=== Section Start ===
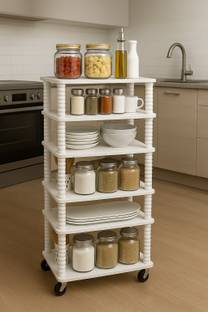 YouCopia Plastic Kitchen Trolley
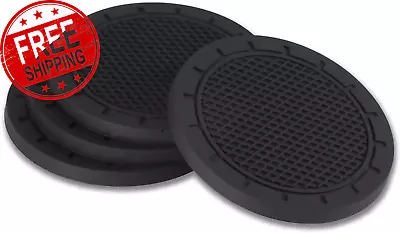 $8.99 • Buy JUSTTOP Car Cup Holder Coaster, PVC Car Coaster, 4 Pack Universal Auto Anti Slip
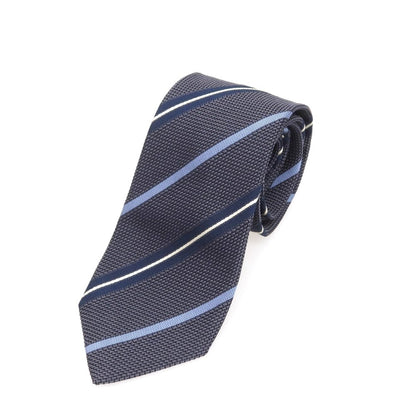 [Used] Michael J. Drake Silk Striped Tie Navy x Gray [Condition Rank B] [Men&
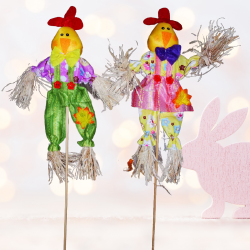 Великденска декорация на клечка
=== Section End ===
■ Exercise prompt:
Would you reproduce the listing above exactly, without any of its images?

■ Output of the task:
 YouCopia Plastic Kitchen Trolley
 $8.99 • Buy JUSTTOP Car Cup Holder Coaster, PVC Car Coaster, 4 Pack Universal Auto Anti Slip
 [Used] Michael J. Drake Silk Striped Tie Navy x Gray [Condition Rank B] [Men&
 Великденска декорация на клечка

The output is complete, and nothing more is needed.